6

I've got a String containing text, control characters, digits, umlauts (german) and other utf8 characters.

I want to strip all utf8 characters which are not "part of the language". Special characters like (non complete list) ":/\ßä,;\n \t" should all be preserved.

Sadly stackoverflow removes all those characters so I have to append a picture (link).

Any ideas? Help is very appreciated!

PS: If anybody does know a pasting service which does not kill those special characters I would happily upload the strings.. I just wasn't able to find one..

[Edit]: I THINK the regex "\P{Cc}" are all characters I want to PRESERVE. Could this regex be inverted so all characters not matching this regex be returned?

friesoft
  • 155
  • 2
  • 2
  • 7
  • Not sure, but it is possible that inverted version of \P{something} can be \p{something}. If not you can try with [^\P{something}]. – Pshemo Mar 20 '13 at 10:31
  • @Pshemo yeah indead lowercase seems to work as has been posted below.. thanks! – friesoft Mar 20 '13 at 10:32
  • Possible duplicate of [Fastest way to strip all non-printable characters from a Java String](http://stackoverflow.com/questions/7161534/fastest-way-to-strip-all-non-printable-characters-from-a-java-string) – Stewart Oct 14 '16 at 17:34

2 Answers2

9

You have already found Unicode character properties.

You can invert the character property, by changing the case of the leading "p"

e.g.

\p{L} matches all letters

\P{L} matches all characters that does not have the property letter.

So if you think \P{Cc} is what you need, then \p{Cc} would match the opposite.

More details on regular-expressions.info

I am quite sure \p{Cc} is close to what you want, but be careful, it does include, e.g. the tab (0x09), the Linefeed (0x0A) and the Carriage return (0x0D).

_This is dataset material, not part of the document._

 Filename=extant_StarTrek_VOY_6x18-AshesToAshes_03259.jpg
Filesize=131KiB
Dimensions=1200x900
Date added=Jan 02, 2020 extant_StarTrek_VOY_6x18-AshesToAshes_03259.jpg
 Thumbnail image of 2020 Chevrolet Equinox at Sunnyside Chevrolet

But you can create you own character class, like this:

[^\P{Cc}\t\r\n]

This class [^...] is a negated character class, so this would match everything that is not "Not control character" (double negation, so it matches control chars), and not tab, CR and LF.

stema
  • 90,351
  • 20
  • 107
  • 135
  • Very nice! Thanks I didn't know that.. guess I really have to read up more regex tutorials... – friesoft Mar 20 '13 at 10:31
  • @friesoft The linebreak regular expression is `\r|\n|\r\n`, so `\p{Cc}|\r|\n|\r\n` should suit your needs. – sp00m Mar 20 '13 at 10:37
0

You can use,

your_string.replaceAll("\\p{C}", "");
Jayamohan
  • 12,734
  • 2
  • 27
  • 41